Let us continue on the path of catecheses on the Lord’s Prayer, which we began last week. Jesus places on the lips of his disciples a short, audacious prayer, made up of seven requests — a number that, in the Bible, is not random, but indicates fullness. I say audacious because, had Christ not suggested it, probably none of us — indeed, none of the most well-known theologians — would dare pray to God in this way.
In fact Jesus invites his disciples to approach God and to confidently address several requests to him: first in regard to him and then in regard to us. There is no preamble to the ‘Our Father’. Jesus does not teach formulas for one to ‘ingratiate oneself’ to the Lord, but instead invites us to pray to Him by knocking down the barriers of awe and fear. He does not tell us we should address God by calling him ‘Almighty’, ‘Most High’, [by saying,] ‘You, who are so distant from us, I am a wretched man’: no, he does not say this, but simply ‘Father’, with total simplicity, as children address their father. And this word, “Father”, expresses confidence and filial trust.
The ‘Our Father’ prayer sinks its roots in the concrete reality of mankind. For example, it has us ask for bread, daily bread: a simple but essential request, which indicates that faith is not a matter of an ‘adornment’, detached from life, which arises when all other needs have been satisfied. If anything, prayer begins with life itself. Prayer, Jesus teaches us, does not begin in human life after the stomach is full: rather, it settles in wherever a person is, anyone who is hungry, who weeps, who struggles, who suffers and who wonders ‘why?’. Our first prayer, in a certain sense, was the wail that accompanied the first breath. In that newborn’s cry the fate of our whole life was announced: our constant hunger, our constant thirst, our search for happiness.
In prayer, Jesus does not seek to extinguish the person; he does not seek to anaesthetize him or her. He does not want us to tone down the demands and requests, learning to bear all things. Instead, he wants all suffering, all distress to soar heavenward and become dialogue.
Having faith, someone said, is a habit of crying out.
We all need to be like Bartimaeus in the Gospel (cf.

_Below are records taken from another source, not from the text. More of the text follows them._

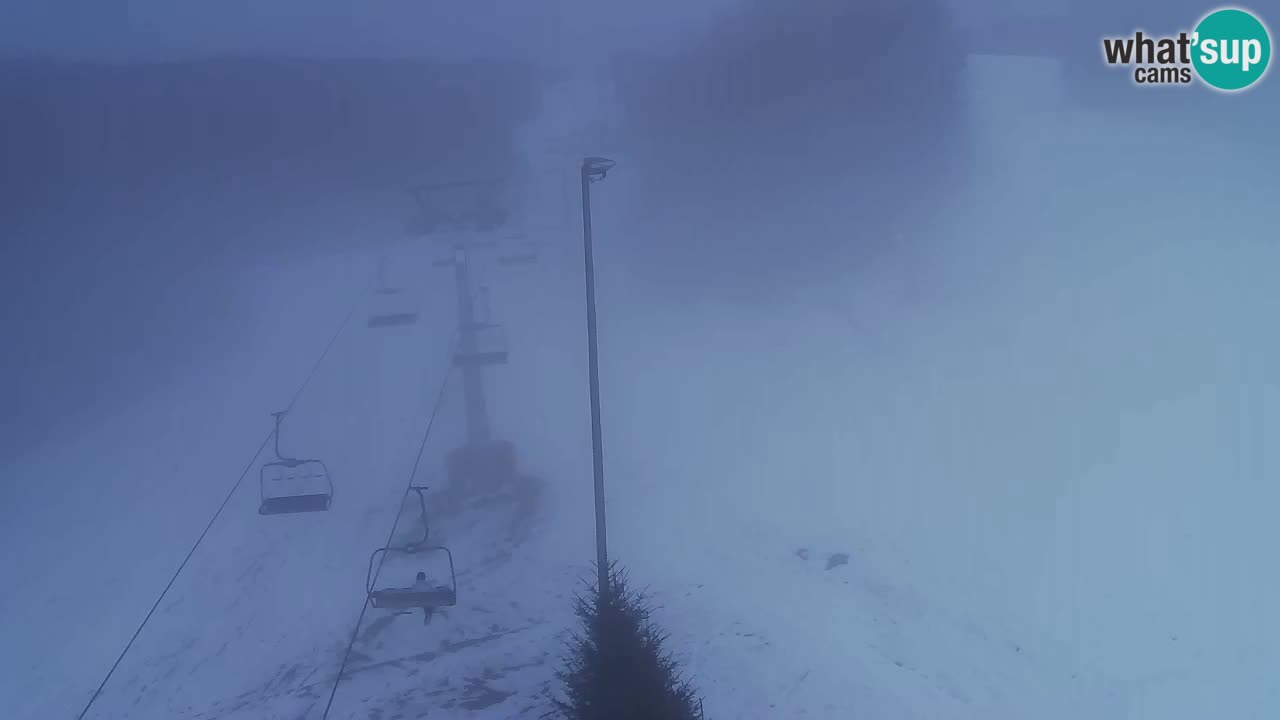 Webcam Pohorje Trikotna Jasa | Poštela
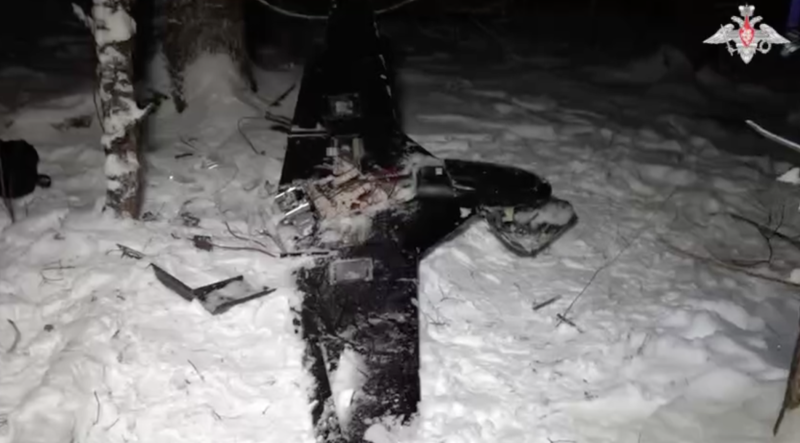 Пролетели через четыре региона: Выяснилось, откуда запускали дроны по резиденции Путина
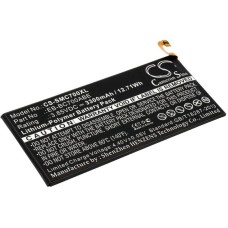 Аккумулятор CameronSino для Samsung Galaxy C7, C7 Pro (EB-BC700ABE) 3300mah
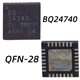 Puce IC chipset BQ24740 QFN-28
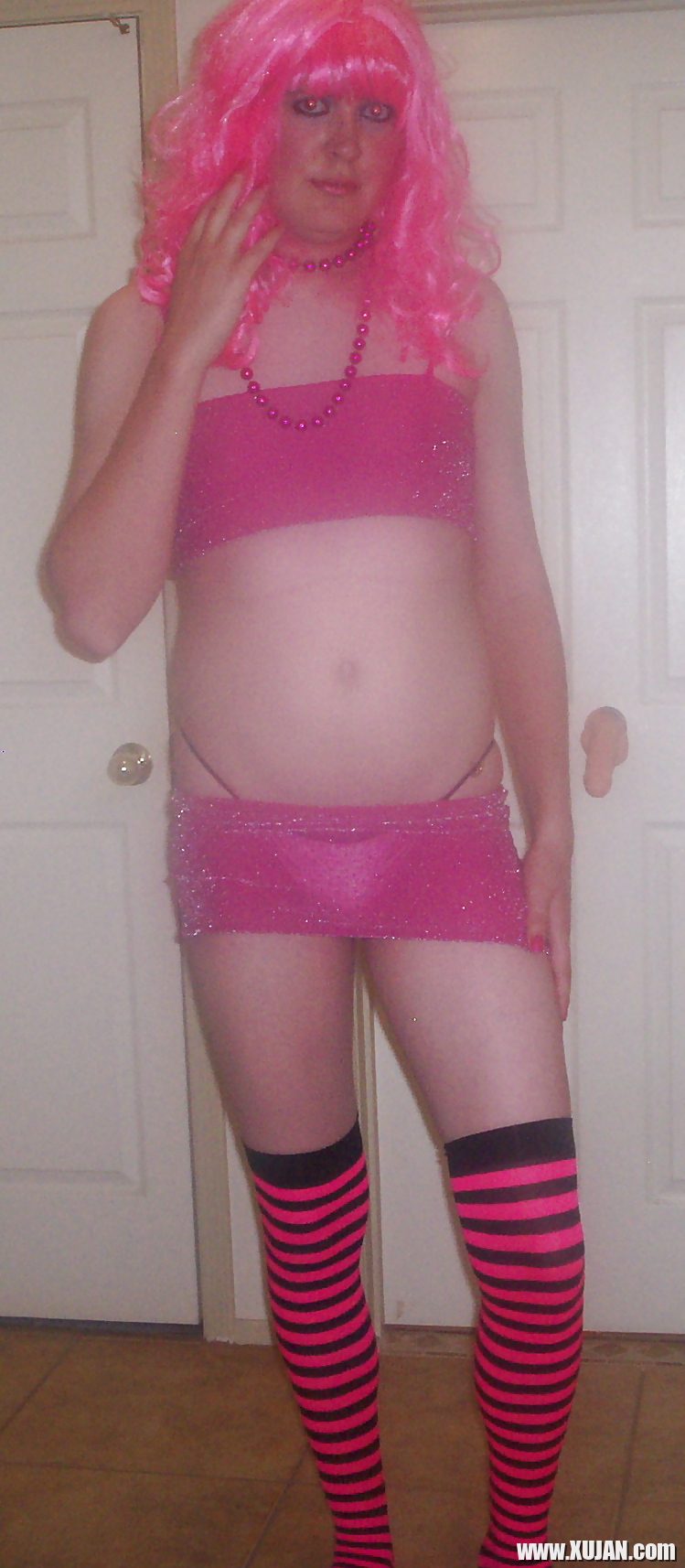 Slutty Tranny Amber - Photo #1580578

Mk 10:46-52) — let us recall that passage of the Gospel: Bartimaeus, the son of Timaeus — that blind man who was begging at the gates of Jericho. He had so many good people around him telling him to keep quiet: ‘Be quiet! The Lord is passing by. Be quiet. Do not disturb. The Master has much to do; do not disturb him. You are annoying with your cries. Do not disturb’. But he did not heed those suggestions: with blessed persistence, he insisted that his wretched condition might finally encounter Jesus. And he cried louder! And the polite people said: ‘No, he is the Master, please! You are making a bad impression!’. And he cried out because he wanted to see; he wanted to be healed. “Jesus, have mercy on me!” (cf. v. 47). Jesus heals his sight and says: “your faith has made you well” (v. 52), as if to explain that the decisive element of his healing was that prayer, that invocation shouted out with faith, stronger than the ‘common sense’ of many people who wanted him to keep quiet. Prayer not only precedes salvation, but in some way already contains it, because it frees one from the despair of those who do not believe in a way out of many unbearable situations.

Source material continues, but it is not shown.